RICHMOND, Calif. — In a desolate corner of the Port of Richmond, dozens of women wearing polka-dot handkerchiefs and wielding blowtorches have spent the last two weeks volunteering their time to try to weld a piece of history back together.
The SS Red Oak Victory is the last surviving ship of the 747 that were churned out at the Kaiser Shipyard in Richmond during World War II.
Now a group of women, led by welders who know well what it is like to try to make their way in a male-dominated profession, are volunteering to restore the ship.
These volunteers are “a testament to women building the ship and carrying the torch forward and showing our youth that the trades are viable professions for women,” said Sarah Pritchard, the executive director of the Rosie the Riveter Trust, a nonprofit helping to coordinate the project.
Like just about every ship that came out of that effort, the Red Oak Victory was partly built by women, who were called in to factory jobs in an industrial frenzy to replace men who had shipped overseas to fight in the war.
Collectively, those women have come to be known as “Rosies,” after the iconic symbol “Rosie the Riveter” who was celebrated in song (“She’s making history, working for victory, Rosie (rat-a-tat-tat) the Riveter”) and in posters depicting a woman in a red polka-dot bandanna flexing fearsome biceps, with the slogan: “We Can Do It.”

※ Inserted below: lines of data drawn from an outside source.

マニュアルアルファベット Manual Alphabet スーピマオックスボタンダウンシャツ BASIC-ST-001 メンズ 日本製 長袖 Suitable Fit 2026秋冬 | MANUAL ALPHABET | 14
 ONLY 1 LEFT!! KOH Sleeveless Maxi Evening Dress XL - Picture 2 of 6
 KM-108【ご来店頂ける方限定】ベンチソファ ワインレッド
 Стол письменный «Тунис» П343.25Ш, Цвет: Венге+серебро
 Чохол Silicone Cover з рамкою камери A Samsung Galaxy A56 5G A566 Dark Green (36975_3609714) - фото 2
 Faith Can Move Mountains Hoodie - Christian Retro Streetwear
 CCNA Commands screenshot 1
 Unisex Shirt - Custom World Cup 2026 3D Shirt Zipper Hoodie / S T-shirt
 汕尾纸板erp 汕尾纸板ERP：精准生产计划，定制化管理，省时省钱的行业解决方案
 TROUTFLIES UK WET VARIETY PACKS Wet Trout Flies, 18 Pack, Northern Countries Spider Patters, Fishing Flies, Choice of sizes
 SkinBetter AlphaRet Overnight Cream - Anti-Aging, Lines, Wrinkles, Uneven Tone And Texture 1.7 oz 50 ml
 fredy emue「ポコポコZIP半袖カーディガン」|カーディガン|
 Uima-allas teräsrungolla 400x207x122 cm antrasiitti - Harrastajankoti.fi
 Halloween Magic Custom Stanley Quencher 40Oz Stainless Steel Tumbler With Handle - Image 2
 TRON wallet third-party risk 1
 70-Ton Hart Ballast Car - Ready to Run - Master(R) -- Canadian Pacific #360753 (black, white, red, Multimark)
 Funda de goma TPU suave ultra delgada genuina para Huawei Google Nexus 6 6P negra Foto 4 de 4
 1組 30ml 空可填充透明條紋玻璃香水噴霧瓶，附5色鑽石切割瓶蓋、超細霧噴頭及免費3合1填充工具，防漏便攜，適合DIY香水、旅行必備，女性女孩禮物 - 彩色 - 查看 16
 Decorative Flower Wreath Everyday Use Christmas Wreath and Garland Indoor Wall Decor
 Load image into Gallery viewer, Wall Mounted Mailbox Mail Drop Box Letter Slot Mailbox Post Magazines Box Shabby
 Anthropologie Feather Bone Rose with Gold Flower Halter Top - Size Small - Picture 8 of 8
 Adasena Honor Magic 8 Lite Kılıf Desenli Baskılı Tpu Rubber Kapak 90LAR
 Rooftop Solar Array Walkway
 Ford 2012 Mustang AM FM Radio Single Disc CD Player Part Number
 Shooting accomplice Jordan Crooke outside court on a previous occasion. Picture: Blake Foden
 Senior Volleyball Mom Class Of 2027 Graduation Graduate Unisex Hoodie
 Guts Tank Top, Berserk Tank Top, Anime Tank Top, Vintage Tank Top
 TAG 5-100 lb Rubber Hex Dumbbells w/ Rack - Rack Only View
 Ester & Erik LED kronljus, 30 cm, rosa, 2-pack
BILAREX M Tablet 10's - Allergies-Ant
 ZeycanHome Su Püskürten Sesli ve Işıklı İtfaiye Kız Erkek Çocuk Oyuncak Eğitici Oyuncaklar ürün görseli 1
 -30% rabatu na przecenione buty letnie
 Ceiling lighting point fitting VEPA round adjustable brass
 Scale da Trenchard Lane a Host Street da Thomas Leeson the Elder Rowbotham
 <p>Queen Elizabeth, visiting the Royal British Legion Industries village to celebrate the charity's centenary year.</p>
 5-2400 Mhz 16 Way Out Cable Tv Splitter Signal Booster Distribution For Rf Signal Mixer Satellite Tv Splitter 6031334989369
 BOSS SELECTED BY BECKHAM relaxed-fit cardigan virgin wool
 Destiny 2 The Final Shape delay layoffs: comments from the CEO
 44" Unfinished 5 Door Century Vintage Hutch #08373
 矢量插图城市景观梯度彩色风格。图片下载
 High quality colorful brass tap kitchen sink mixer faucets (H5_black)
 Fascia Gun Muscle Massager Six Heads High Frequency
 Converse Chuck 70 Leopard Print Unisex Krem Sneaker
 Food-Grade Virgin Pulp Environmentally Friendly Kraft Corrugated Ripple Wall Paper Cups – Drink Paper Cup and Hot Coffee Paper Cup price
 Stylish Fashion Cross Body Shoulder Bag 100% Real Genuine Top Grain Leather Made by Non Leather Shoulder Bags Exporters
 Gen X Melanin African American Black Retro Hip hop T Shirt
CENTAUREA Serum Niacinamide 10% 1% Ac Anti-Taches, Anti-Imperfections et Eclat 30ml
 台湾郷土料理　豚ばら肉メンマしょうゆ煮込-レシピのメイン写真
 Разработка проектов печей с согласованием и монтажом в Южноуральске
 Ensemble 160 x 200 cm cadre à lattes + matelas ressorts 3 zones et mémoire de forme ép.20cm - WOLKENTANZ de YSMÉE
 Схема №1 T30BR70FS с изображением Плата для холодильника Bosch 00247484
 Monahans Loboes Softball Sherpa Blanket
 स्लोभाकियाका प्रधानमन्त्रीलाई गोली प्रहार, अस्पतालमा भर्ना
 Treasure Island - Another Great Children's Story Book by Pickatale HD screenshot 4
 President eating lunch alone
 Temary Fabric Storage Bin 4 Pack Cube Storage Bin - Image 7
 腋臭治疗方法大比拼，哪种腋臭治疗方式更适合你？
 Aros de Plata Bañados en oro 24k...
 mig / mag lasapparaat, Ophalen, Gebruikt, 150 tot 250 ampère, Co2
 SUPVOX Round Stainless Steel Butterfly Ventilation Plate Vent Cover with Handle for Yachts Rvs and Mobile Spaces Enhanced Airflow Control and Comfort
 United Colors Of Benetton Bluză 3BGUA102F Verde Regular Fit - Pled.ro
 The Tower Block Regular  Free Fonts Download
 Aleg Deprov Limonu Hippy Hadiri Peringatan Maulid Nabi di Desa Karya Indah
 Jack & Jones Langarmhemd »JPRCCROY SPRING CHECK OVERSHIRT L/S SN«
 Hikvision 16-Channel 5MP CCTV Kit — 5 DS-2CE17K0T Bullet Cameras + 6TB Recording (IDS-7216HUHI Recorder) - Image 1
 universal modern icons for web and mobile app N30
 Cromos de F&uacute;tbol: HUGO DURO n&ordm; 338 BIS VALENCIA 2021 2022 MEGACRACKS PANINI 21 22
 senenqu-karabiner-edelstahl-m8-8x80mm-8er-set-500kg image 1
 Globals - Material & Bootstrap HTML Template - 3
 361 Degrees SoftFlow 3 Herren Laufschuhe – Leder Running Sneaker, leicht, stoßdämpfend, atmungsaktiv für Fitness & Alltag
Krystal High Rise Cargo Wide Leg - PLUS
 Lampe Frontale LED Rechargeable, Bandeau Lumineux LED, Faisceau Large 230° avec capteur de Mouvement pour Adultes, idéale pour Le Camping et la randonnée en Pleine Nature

The women took jobs as welders, pipe fitters, and other posts that had only ever been held by men, and produced war materiel at a record clip. The Red Oak Victory, for example, was produced in 88 days.
It is estimated that more than 18 million women contributed to the war effort. After WWII, many of those women were summarily fired to make way for returning men. Women disappeared from trades such as welding in large numbers for several more decades.
Most of the ships they built, too, have long since been scrapped.
But the Red Oak Victory found new life as a museum ship. These days, she sits in this berth in an out-of-the-way spot in the Port of Richmond. She sports a tiki bar and theater in a converted cargo hold at one end and an exhibit about Rosie the Riveter at the other.
But her shape is far from ship-shape. The steel on the top deck, for example, is rusted away to almost nothing and is so dangerous museum guests can’t set foot on it. History aficionados and Richmond boosters have long nurtured dreams of sprucing her up and then moving her to a new location in the port closer to the Richmond Ferry Terminal, where she can attract more visitors. That location would also be next to the Rosie the Riveter/World War II Home Front National Historical Park.
Not everyone in Richmond approves of moving the ship. Former Richmond Mayor Tom Butt has stated it would be too costly and complicated to move the vessel, arguing those funds would be better spent on other restoration efforts.
But no one disputes that the Red Oak Victory needs some TLC. It took Rennae Ross, a modern-day Rosie the Riveter, to help make it happen.
Ross, 43, is a welder by trade, and came up in the male-dominated profession when it was not unusual for her to be the only woman on a job site.
She gravitated toward the iconography of Rosie the Riveter, and got involved with the Rosie the Riveter/World War II Home Front National Historic Park and its related Rosie the Riveter Trust. The museum, which sits in a fancier location than the Red Oak along the Richmond waterfront, celebrates the war at home.
Through that work, Ross toured the Red Oak Victory and was dismayed to see the signs of its disrepair. She hatched the idea of having women welders fix her up. The idea picked up steam after Ross was part of a group from the Rosie the Riveter Trust who went to Washington, D.C., to receive the Congressional Medal of Honor on behalf of women who worked on the home front.
“We get a chance to honor them and what they did,” Ross said. “They built it and we’re here making sure that it stays, you know, for the future Rosies of America.”
Ross wore her work clothes — because, after all, she was welding on the ship’s deck. But she also sported a polka-dot bandanna and a red polka-dot welding helmet, which was given to the modern day Rosies by the Jessi Combs Foundation, a group that works to get more women into the trades.
Ross added that after she got involved in the project, she learned that her own great-grandmother Helen had worked at the Kaiser Shipyard.
“I didn’t even know,” Ross said. “It really is inspiring.”